Technology grantseekers learned in December that long-time friend Apple Computer would be putting its K-12 giving on hold. In an effort to sustain its long-term profitability, Apple has suspended all formal grants and equipment donations to K-12 schools, at least for 1999.
For 20 consecutive years, Apple had awarded grants to schools through its Education Grants program. Since 1978, Apple reportedly has awarded $30 million to 550 schools and institutions.
Now, a statement on the company’s web site reads, “. . . Apple made the decision to limit its involvement in grants and equipment loans to individuals and institutions in order to help the company maintain long-term profitability. Therefore, there will be no formal grant program or donations of cash or equipment to individuals or institutions this year.”
Apple’s decision comes just two months after the company announced its first profitable year since 1995. On Oct. 14, 1998, Apple co-founder and chief executive officer Steve Jobs announced a profit of $309 million for fiscal year 1998. But that profit followed losses the previous year of more than $1 billion, as Apple steadily lost market share to companies whose computers run under competing operating systems.
Last year, Apple gave more than $2 million to K-12 schools: $1 million in Education Grants to 10 U.S. schools, and about $1 million in network software and training to 2,200 Los Angeles County schools.
The company’s Education Grants supported partnerships between K-12 schools and other institutions. Winning schools received hardware, software, training, and support for their projects. One such project was the Sapulpa, Okla., Junior High School’s Project TRANSPORT, a partnership with Oral Roberts University (ORU) in Tulsa, which received an Education Grant last summer.

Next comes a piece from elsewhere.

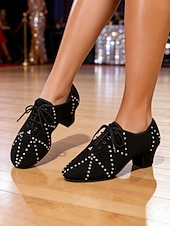 preiswerte Schuhe für Standardtanz und Modern Dance-Professionelle Lateintanzschuhe für Damen – schwarze Schnürschuhe aus Wildleder mit Strasssteinen und Strassverzierungen für Standardtänze, Salsa und Tango &amp;Bühnenperformance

Project TRANSPORT encourages eighth-graders pursue interdisciplinary studies using technology. In a unit on weather, for example, students track several variables using probes and a statewide system of weather towers, then share their predictions with local media and on the internet.
Students from ORU’s school of education help teach the technology and receive teaching practice in the process. For its part, Apple supplied presentation software, training, and G3 computers for from eight to 10 stations.
“It’s disappointing” that Apple has chosen not to continue the program this year, said Mike Shanahan, principal of Sapulpa Junior High School. Apple’s grant has had a big impact on student learning at Sapulpa, he said: “This has really been a boon to us.”
John Santoro, public relations manager for Apple’s education division, told STFB that Apple’s education discounts still represent a major contribution to schools. “Apple continues to recognize the importance of education,” Santoro said. “I’m sure [the company] will take a good hard look at the program again for next year.”